| Dataset excerpt |

<<<<

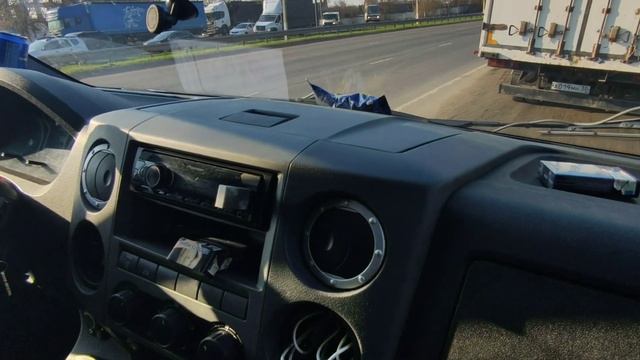 мусор на обочине оставшийся после стоянки дальнобойщиков свиней #RCR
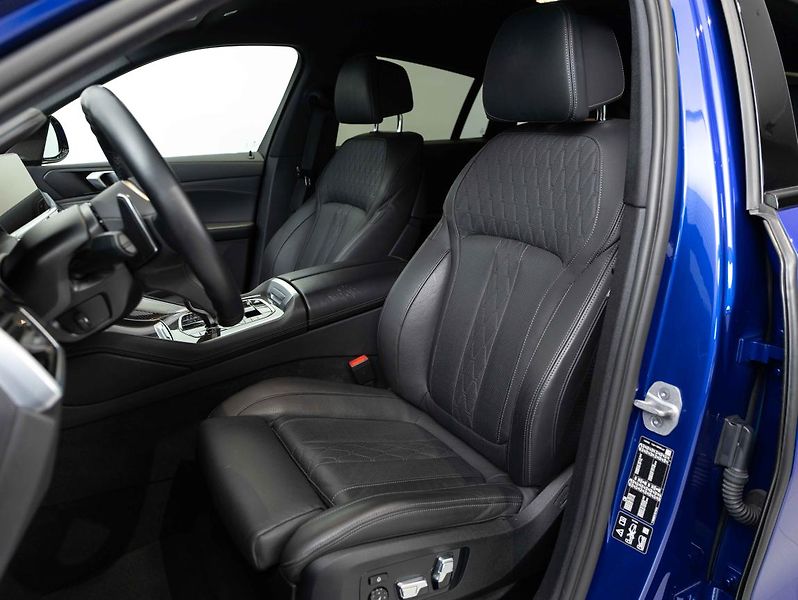 BMW X6 xDrive30d - fotka 17 z 22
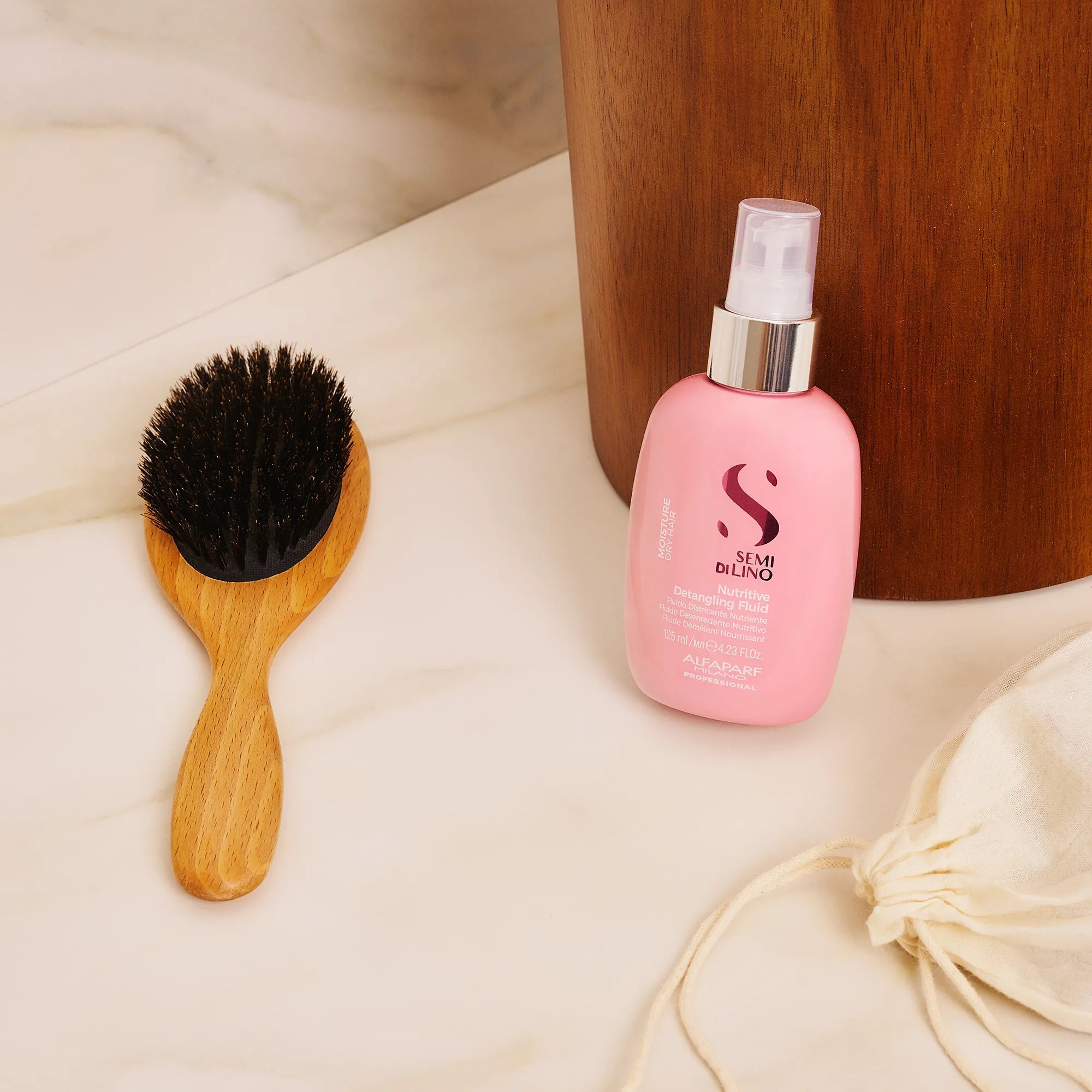 Alfaparf Milano Semi Di Lino Moisture Nutritive Detangling Fluid - lifestyle image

>>>>

| Aim of the task |
Write out the listing above again, exactly, but with no pictures in the copy.

| Response area |
 мусор на обочине оставшийся после стоянки дальнобойщиков свиней #RCR
 BMW X6 xDrive30d - fotka 17 z 22
 Alfaparf Milano Semi Di Lino Moisture Nutritive Detangling Fluid - lifestyle image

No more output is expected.